Mick the Ram

Mick the Ram

BBC is 100 years old today as they celebrate centenary of first official radio broadcast

The BBC is today celebrating its 100th birthday, as it was on this day a century ago that the very first daily radio broadcasts began at 6pm on 14 November 1922. On that day a news bulletin that included a court report from the Old Bailey, details of London fog disruption, and billiards scores, were announced to those lucky enough to have a license. The GPO had only issued 30,000 for radio receivers by the time of the BBC’s first transmission.
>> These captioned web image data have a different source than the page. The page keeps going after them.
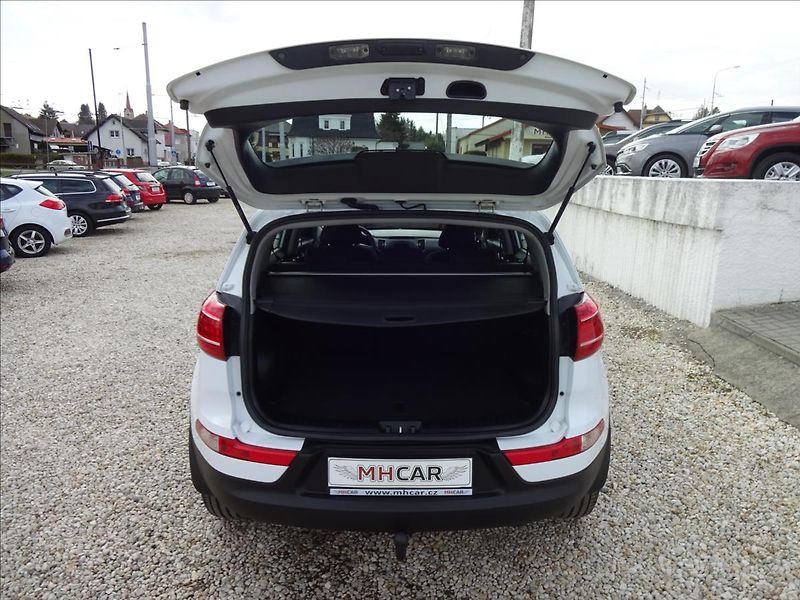 Kia Sportage 1,6GDi  Active Plus - fotka 23 z 46
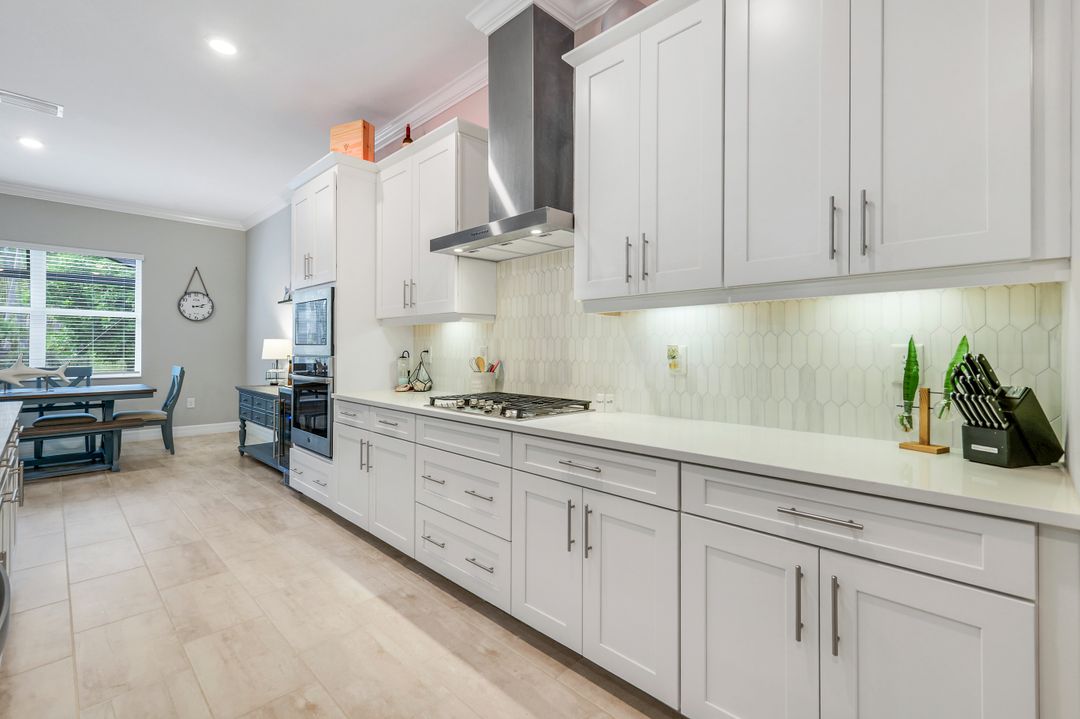 14841 Blue Bay Cir, Miromar Lakes, FL 33913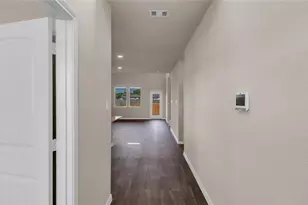 128 Palo Pinto Dr, Kyle, TX 78640 - Photo 5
Military inspired transmissions

In the immediate years after World War One, many former military radio operators used their skills to become amateur radio enthusiasts, picking up transmissions on home-made sets and transmitting their own little “shows” with a mixture of talk and music.  

“2LO Marconi House calling”

Then on 14 November 1922, Arthur Burrows, Director of Programmes at the British Broadcasting Company, launched Britain’s first national radio broadcasting service from Marconi House in the Strand, London. Speaking clearly, with great authority and diction that became so well known as to be rightly classed as iconic, he opened the transmission at 18.00 with a set of tubular bells used to imitate Big Ben. His began his grainy news report by announcing: “’2LO Marconi House London calling” and proceeded to tell those listening about a train crash close King’s Cross Station, the sale of a Shakespearean first folio and the dense fog in London.
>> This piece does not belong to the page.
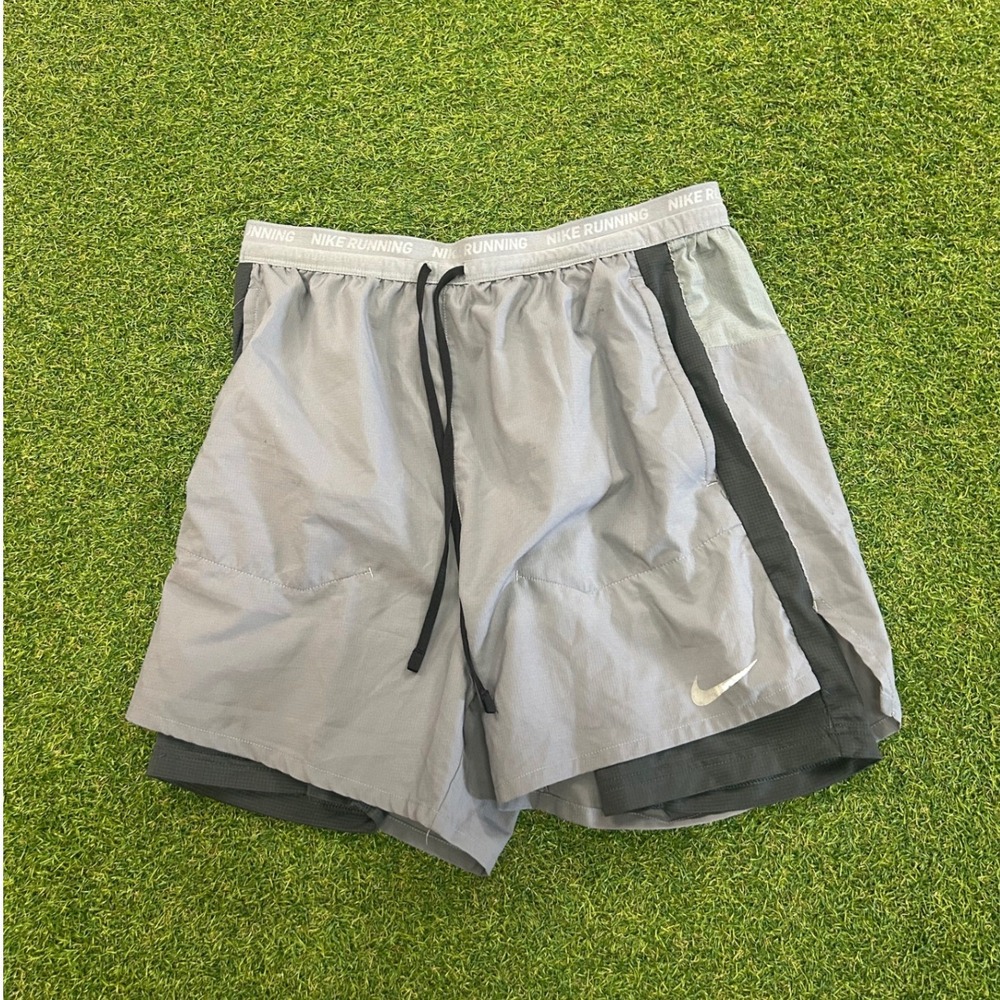 Nike Running Dri-FIT 2-in-1 Shorts Mens Medium Gray Black Athletic Training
He actually read out his report twice, once quickly and then slowly, and asked listeners to give him constructive feedback as to which was the better.

BBC – Burrows Brings Content

The public broadcaster that is known by billions of people all around the globe had actually been formed the previous month, on 18 October, as a private organisation by a group of leading wireless manufacturers, who were interested in producing programmes that would make Britons buy their fancy new receivers.

However, it Burrows who uttered the first words spoken on air for the BBC, which back then stood for the British Broadcasting Company, rather than Corporation as it is now.

News is the stock item

News was the mainstay of programming initially, although that said, these programmes went out only in the evening, to compensate the newspapers who genuinely feared for their future and heavy loss of customers, due to the inception of the broadcasted news bulletins.

Lord John Reith became the first boss of the BBC and wanted broadcasting to be taken seriously. He famously said that the company should “inform, educate, entertain” – in that order.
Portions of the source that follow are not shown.